“In a statement obtained by CNET that’s scheduled to be delivered tomorrow, the Justice Department argues that it must be able to prosecute violations of Web sites’ often-ignored, always-unintelligible “terms of service” policies,” writes Declan McCullagh.
The DOJ has expanded its Computer Fraud and Abuse Act (CFAA) to indicate that an agreement with a website’s terms of service would be identical to signing a contract with an employer, and as such, any such violation should provoke the same sort of punishment.
Passed by Congress in 1986, CFAA was originally intended to stop hackers from breaking into computer systems and to address all federal computer-related offenses. The Department of Justice now seeks to greatly expand the use of CFAA to target a number of different “violations.”
“To the Justice Department, this means that a Web site’s terms of service define what’s ‘authorized’ or not, and ignoring them can turn you into a felon,” explains McCullagh.
In the case of YouTube, for example, you may be informed months, even years, later if you have infringed upon the company’s terms of service agreement if another user simply complains about the content of your video.

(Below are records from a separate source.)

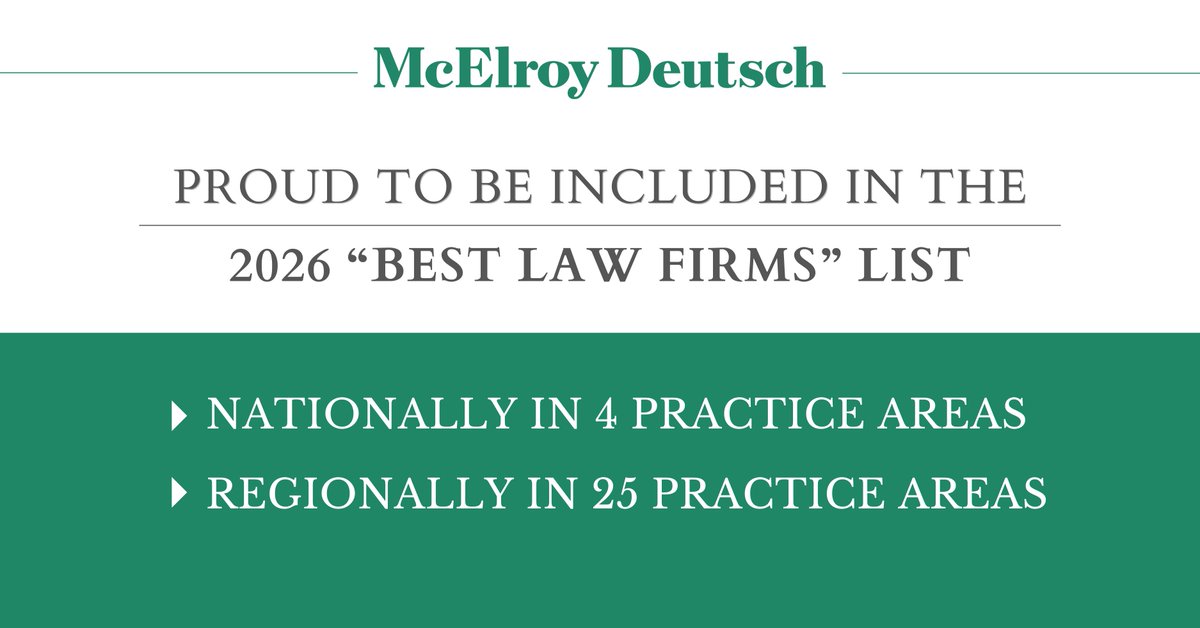 🎉 #McElroyDeutsch is proud to be recognized in the 2026 edition of <a href="/BestLawFirms_/">bestlawfirms</a> nationally in 4 practice areas and regionally in 25 practice areas.

View our complete rankings here: mdmc-law.com/news-events/mc…

#LegalAwards #ConstructionLaw #BankruptcyLaw #Litigation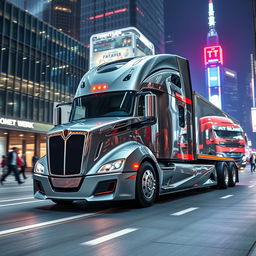 A futuristic longnose semi truck featuring an elongated, aerodynamic design with a striking front cab, enhanced by sleek contours and metallic textures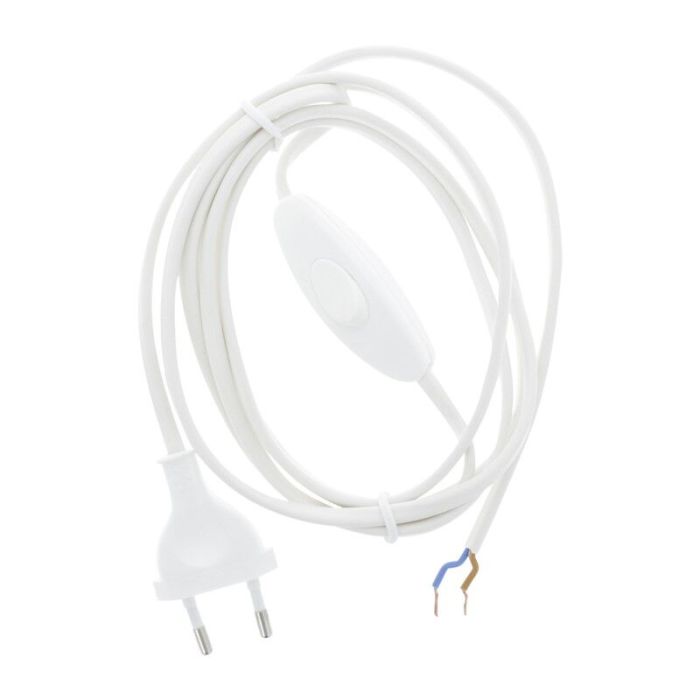 Q-Link aansluitsnoer max 1200w 2 x 0.75 mm. 1.8 m wit met schakelaar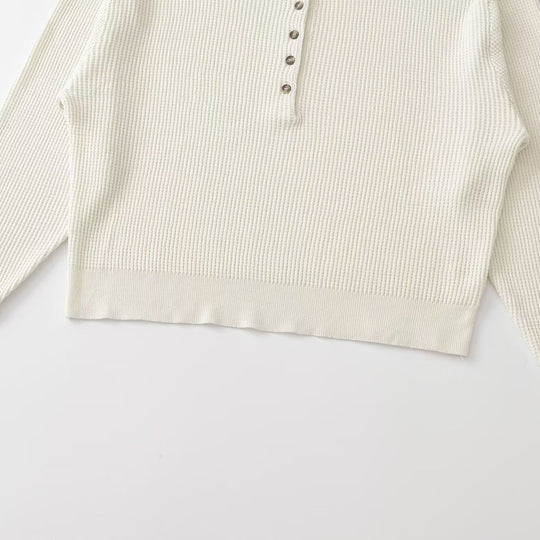 Damen Grobgestrickter Waffelstrick-Pullover mit Henley-Knopfleiste Nord Taschen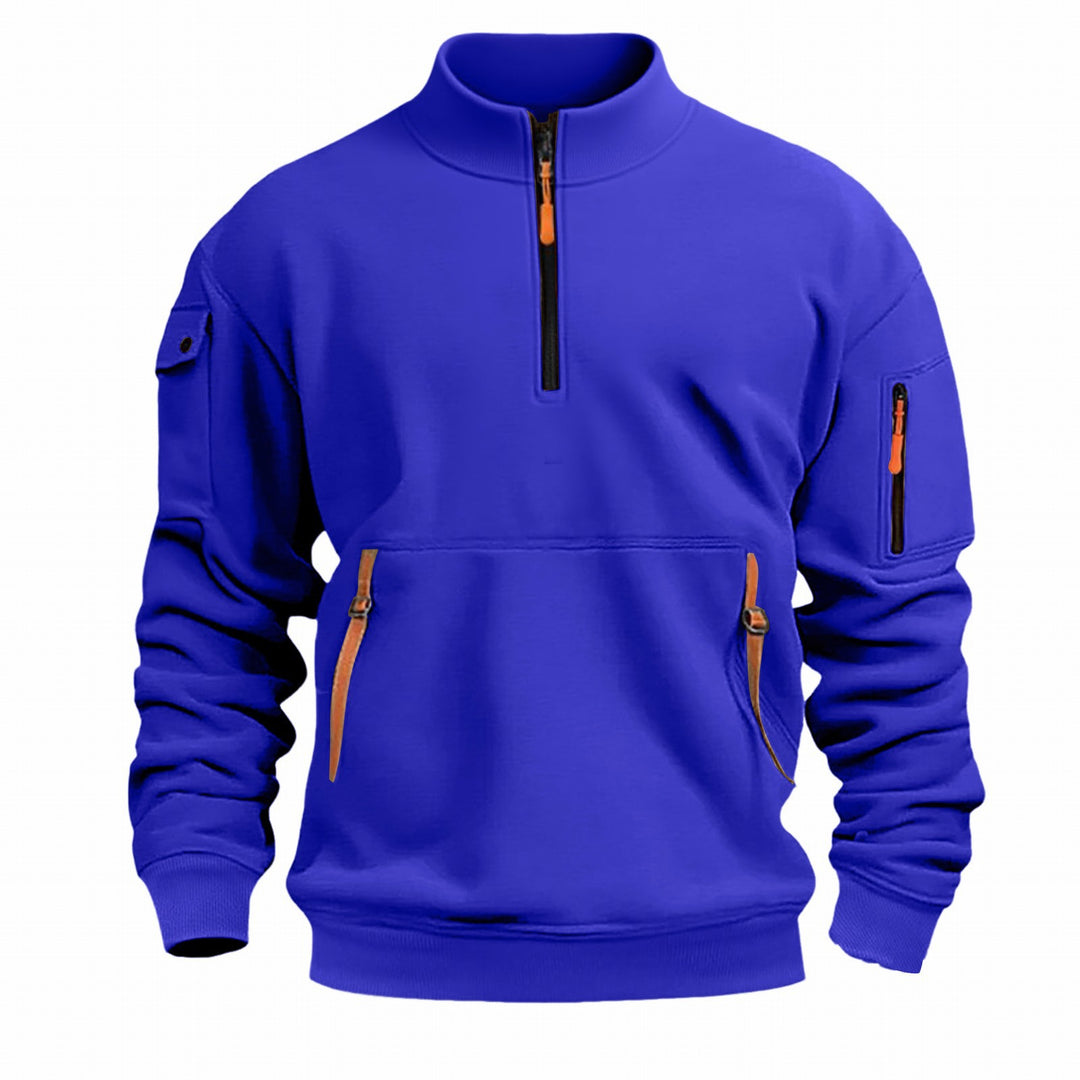 Herren nan Sweatshirt mit Stehkragen, halbem Reißverschluss, Kängurutasche und Ärmeltasche R&B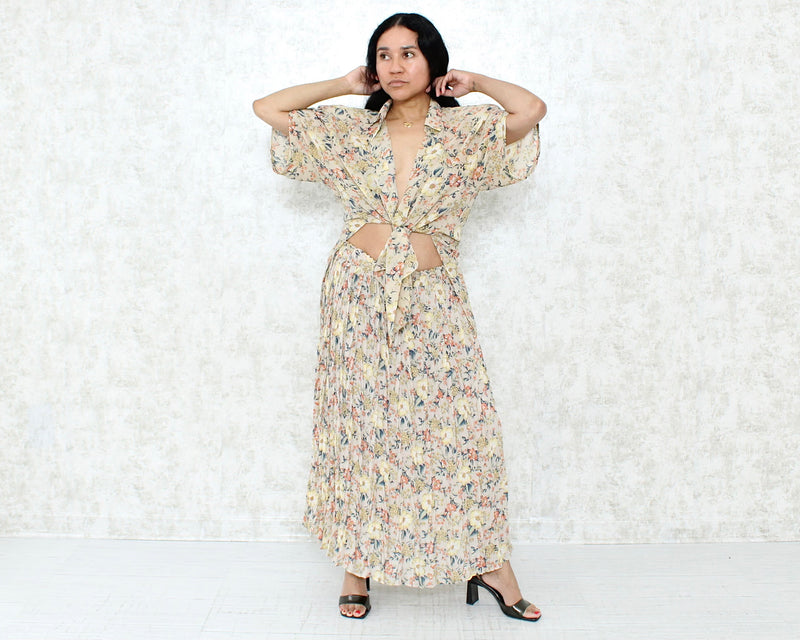 1980s Chiffon Floral Skirt-Set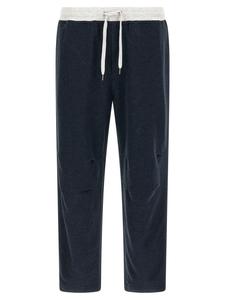 Льняные хлопковые джоггеры Brunello Cucinelli, синий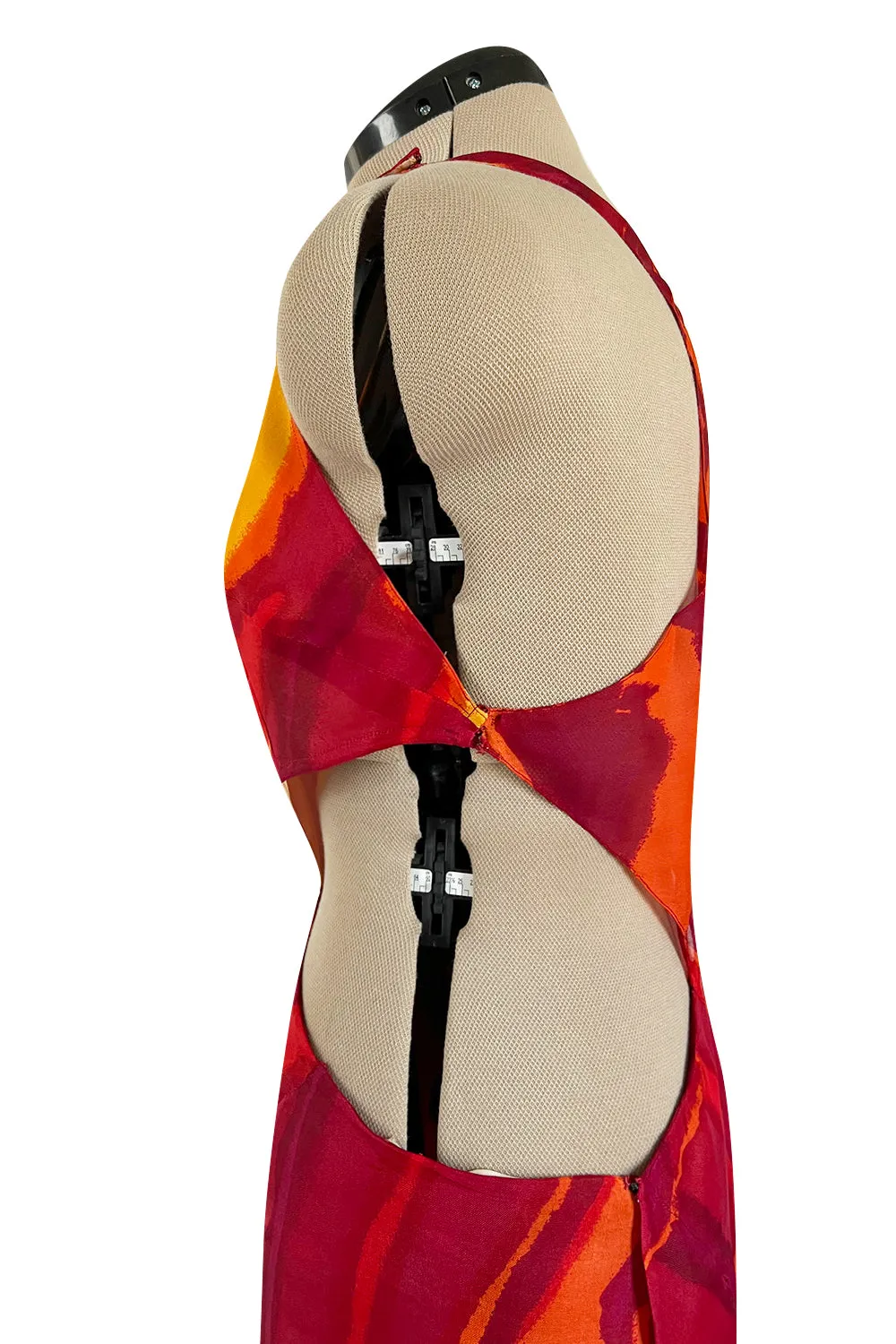 Important & Rare Spring 1966 Madame Gres Printed Silk Chiffon Cut Out Dress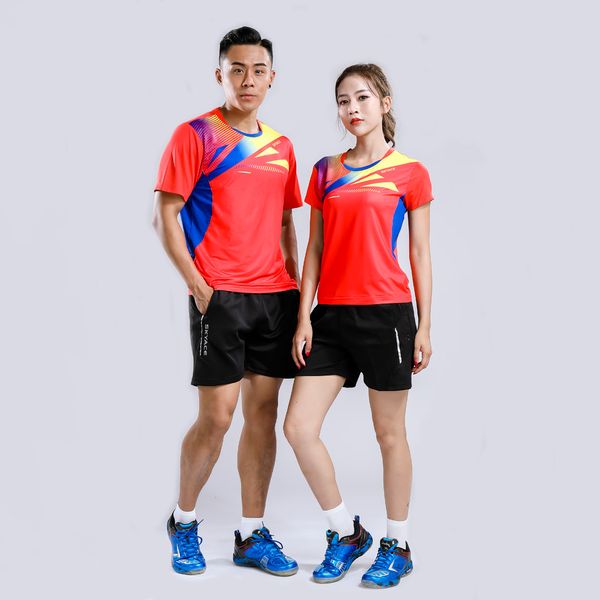 

adsmoney new badminton suit men's and women's children's table tennis suit short sleeve match team customization, White;yellow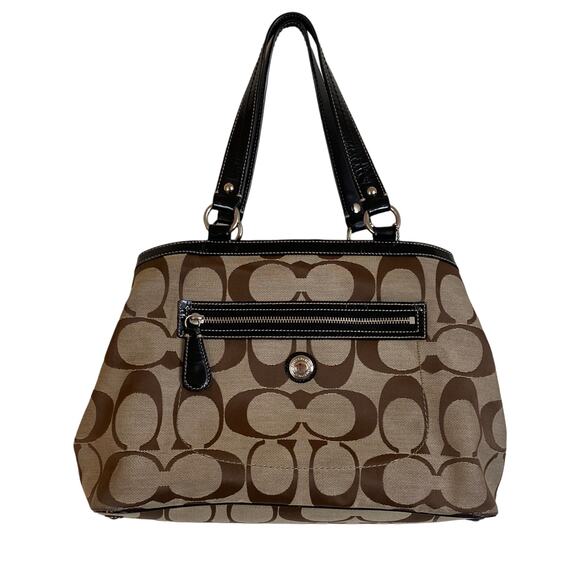 Gorgeous Coach Laura Signature Carryall Bag Tote Satchel Brown Khaki Laptop - Picture 1 of 8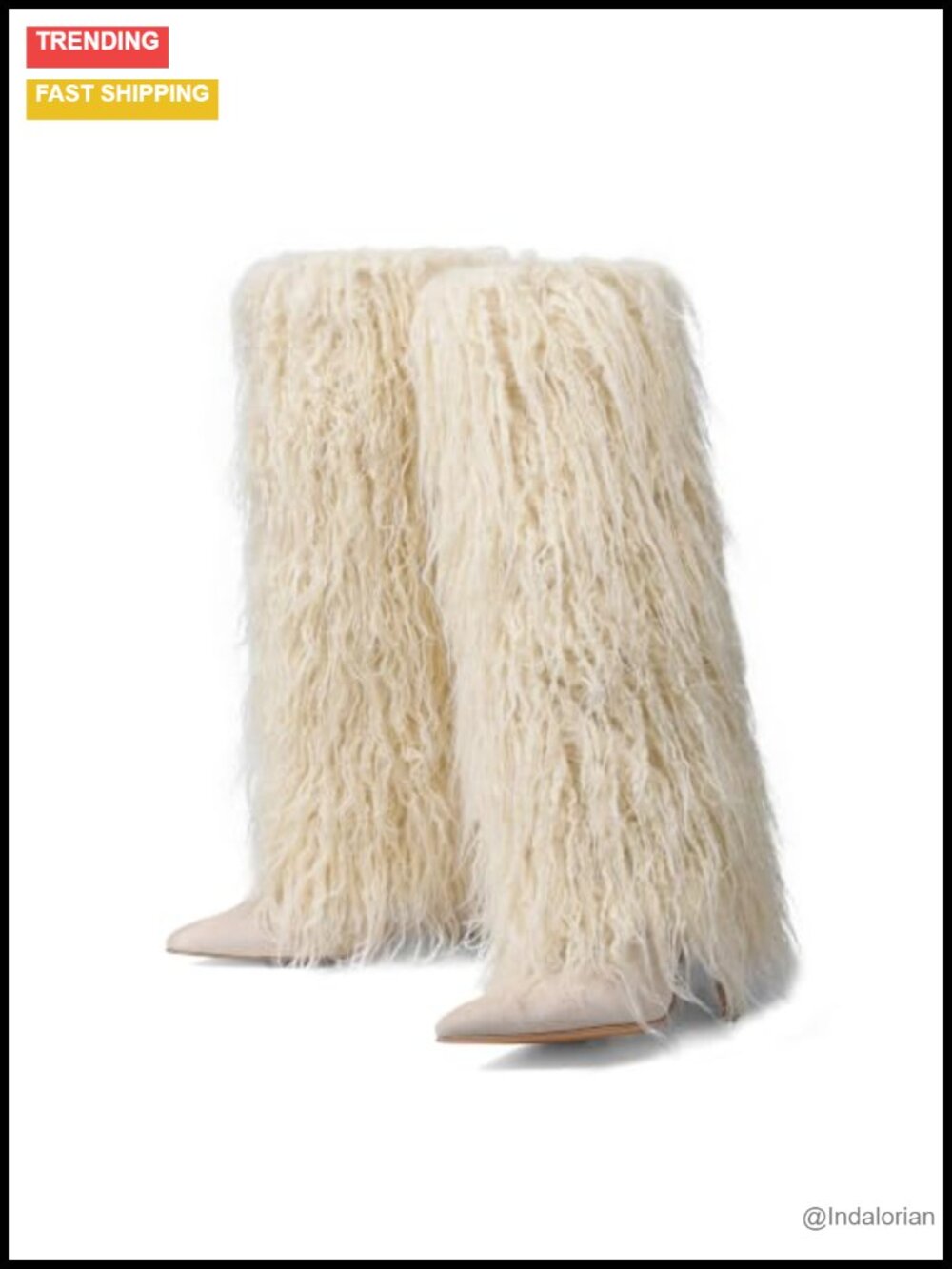 Faux Fur Fold Over Knee High Wide Calf Boots Pointed Toe Stiletto Heel Women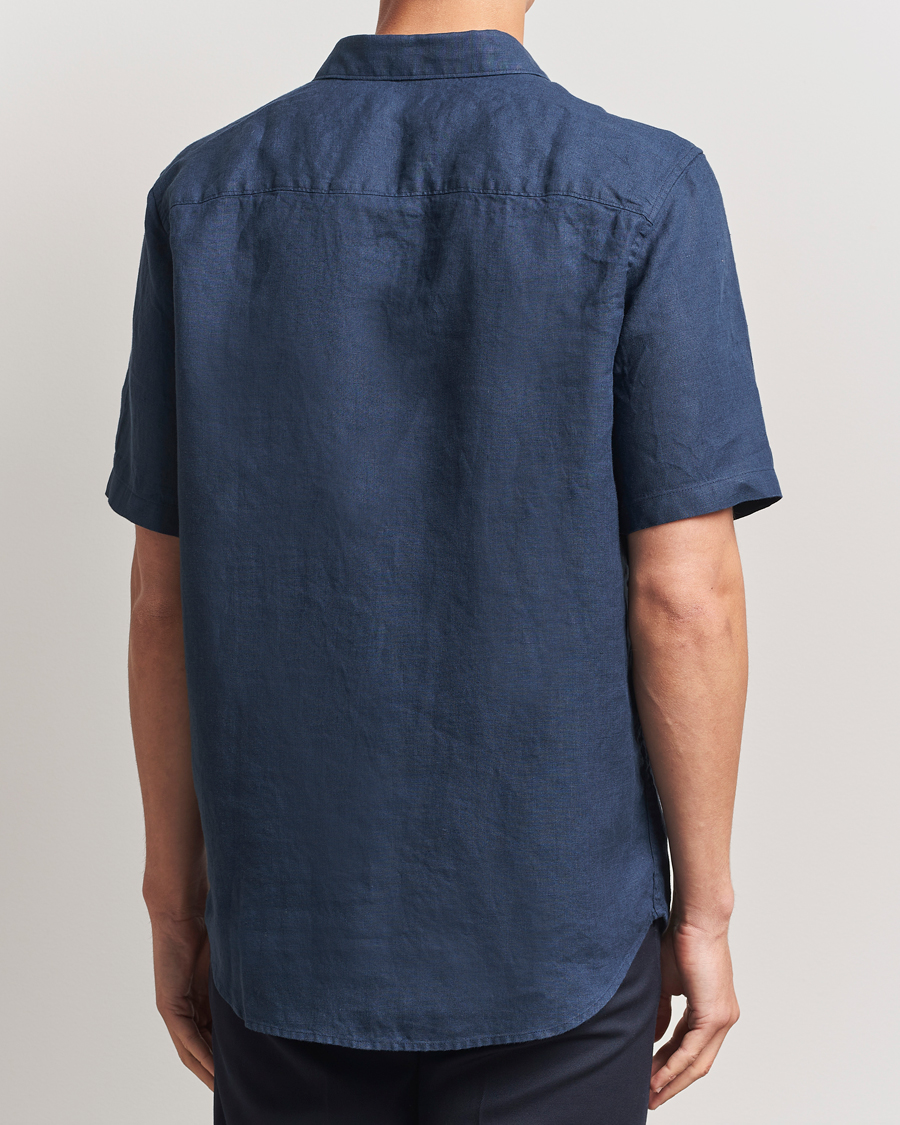 NN07 Enzo Linen Short Sleeve Shirt Navy Blue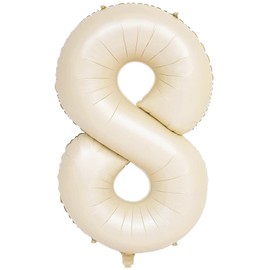onehous Cream White 8 Balloons, 40 Inch Large Foil Balloons Number 8 Beige, Self Inflating Helium Balloons Number 8 for Boys Girls Birthday Party Boho Wedding Decorations Supplies (Cream White#8)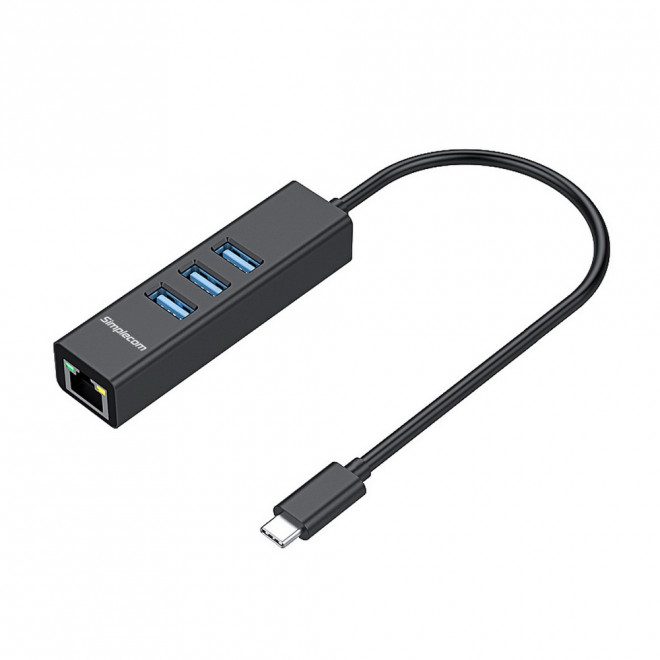 Simplecom CHN421 Black Aluminium USB-C to 3 Port USB HUB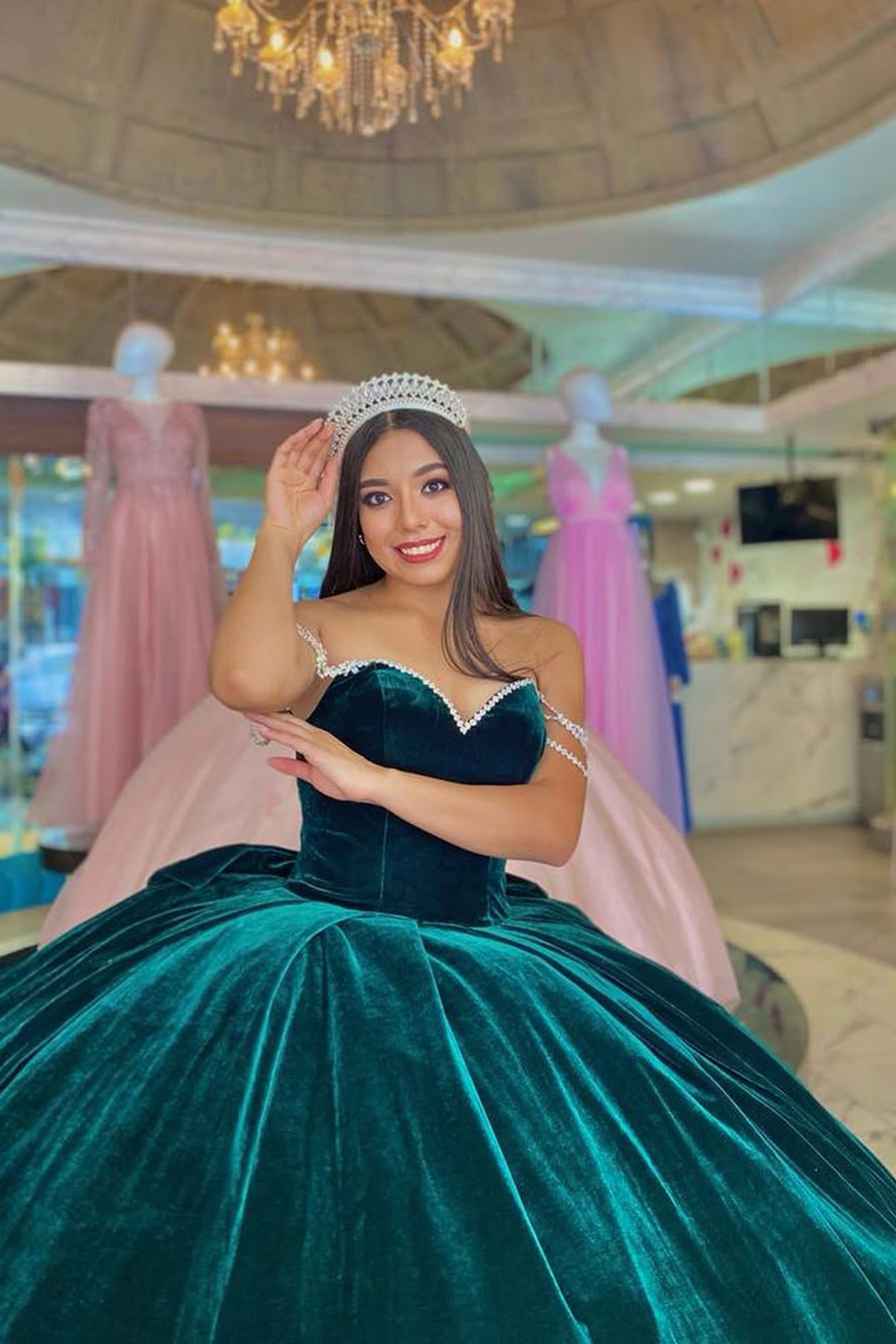 Peacock Green Off the Shoulder Ball Gown Velvet Quinceanera Dress with Bow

Attorney Stewart Baker warns about the potential effects of the new law, indicating that if a user, for example, uploads a copyrighted video on YouTube more than once, they would fall under the category of “a pattern or racketeering” and as a result would face even harsher penalties, “at least if Justice gets its way.”
A number of free speech organizations like the American Civil Liberties Union and FreedomWorks have joined together to combat the DOJ’s efforts, submitting a letter to the Senate that states:
If a person assumes a fictitious identity at a party, there is no federal crime. Yet if they assume that same identity on a social network that prohibits pseudonyms, there may again be a CFAA violation. This is a gross misuse of the law.
This is not the first time we have seen the federal government turn their attention to the Internet as an opportunity to provide security.
Senator Joe Lieberman attempted to pass legislation that mandates that Internet anonymity be outlawed and that individual IDs for Internet users be implemented. Lieberman apparently thinks that the United States should emulate the regulatory power found in communist China, stating on CNN: “Right now China, the government, can disconnect parts of its Internet in case of war and we need to have that here too.” He has moved to shutdown websites like Amazon and Wikileaks without a court order.
Likewise, the United States House of Representatives recently introduced a "rogue websites” bill that has attracted bipartisan support because it forces Internet Service Providers to create a list of banned websites and prevent users of those websites from accessing their sites. The list of websites is similar to the “ban lists” found in China. Entitled the Stop Piracy Act, the bill reads:
“A service provider shall take technically feasible and reasonable measures designed to prevent access by its subscribers located within the United States to the foreign infringing site (or portion thereof) that is subject to the order, including measures designed to prevent the domain name of the foreign infringing site (or portion thereof) from resolving to that domain name’s Internet Protocol address.”
While the touted focus of the bill is on foreign websites, it may just as easily be applied to all .com domains.
The very language of the bill indicates it is trying to empower the federal government to ban websites.
“Internet Service Providers would face new and open-ended obligations to monitor and police user behavior,” the Center for Democracy and Technology said. “Payment processors and ad networks would be required to cut off business with any website that rightsholders allege hasn’t done enough to police infringement.”
The government has already taken the authority to demand that websites remove information and videos that contain too much “government criticism.” Google admits that there has been a 70 percent increase in the number of requests by the federal government to takedown certain information.
“In the US, Google received 757 takedown requests across its sites and services, up 70 per cent from the second half of last year,” reports technology website V3.co.uk.“US authorities also called for the removal of 113 videos from YouTube, including several documenting alleged police brutality which Google refused to take down.”
In Google’s newly released transparency report, it reveals that the number of “user data requests” by United States authorities has increased by 29 percent over the course of the last reporting period. In the case of the removal of a YouTube video, for example, the reason listed was “government criticism,” and no content for the video was indicated or explained. Other videos that pertain to police brutality have been ordered to be taken down on the grounds of defamation.
As YouTube has already been on the federal government’s radar, it seemed only a matter of time before the government found a reason to criminalize the uploading of YouTube videos.